→ **Source material**
________________________________________
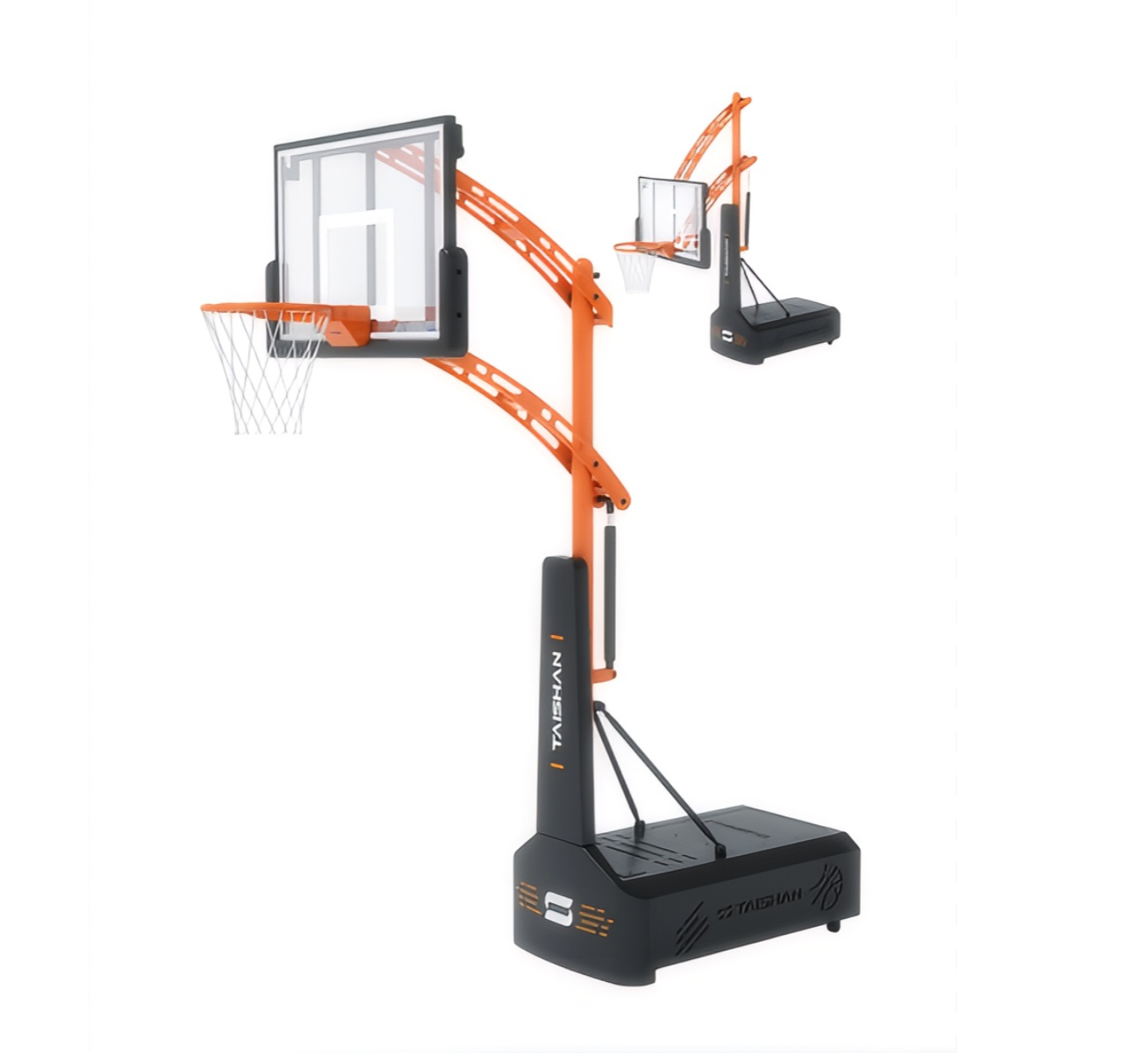 TS2357Electric children's basketball hoop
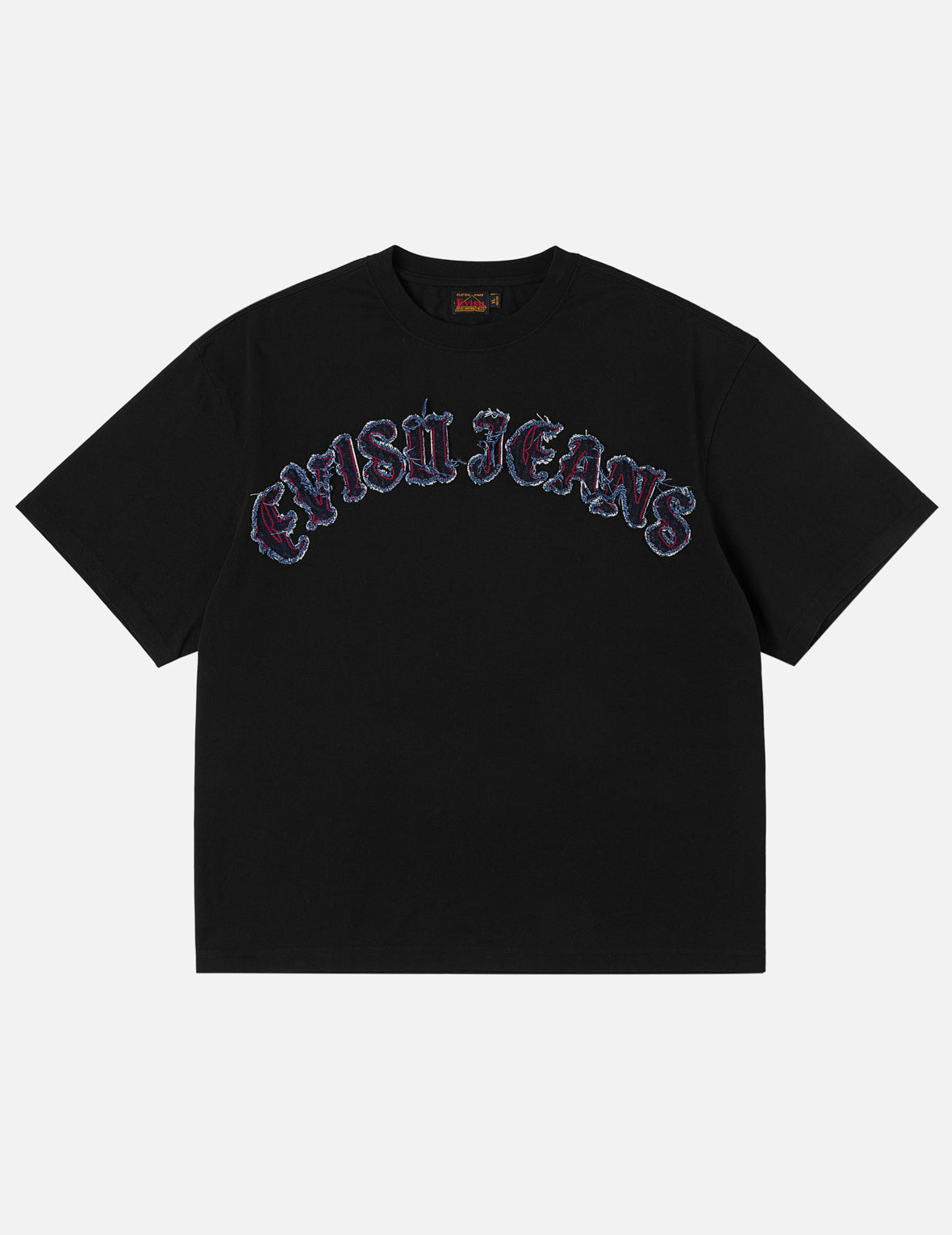 EVISU JEANS字样T恤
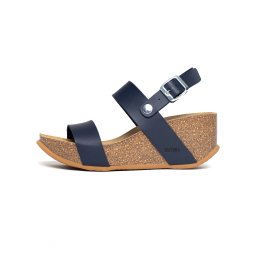 Bayton Sandale 'Selene' albastru marin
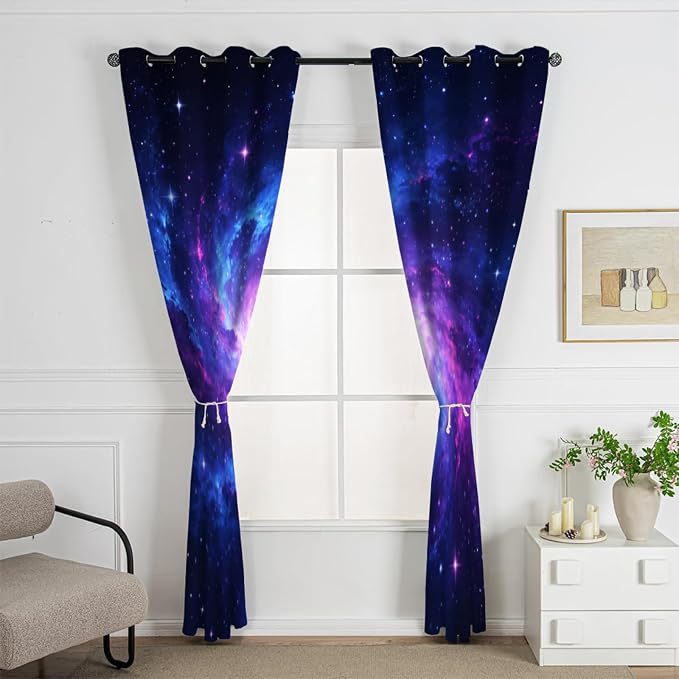 Nebula Blackout Curtains - Image 2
________________________________________
→ **What you will do**
In your answer, give every line of the listing above exactly, and do not include the images.

→ **Problem solution**
 TS2357Electric children's basketball hoop
 EVISU JEANS字样T恤
 Bayton Sandale 'Selene' albastru marin
 Nebula Blackout Curtains - Image 2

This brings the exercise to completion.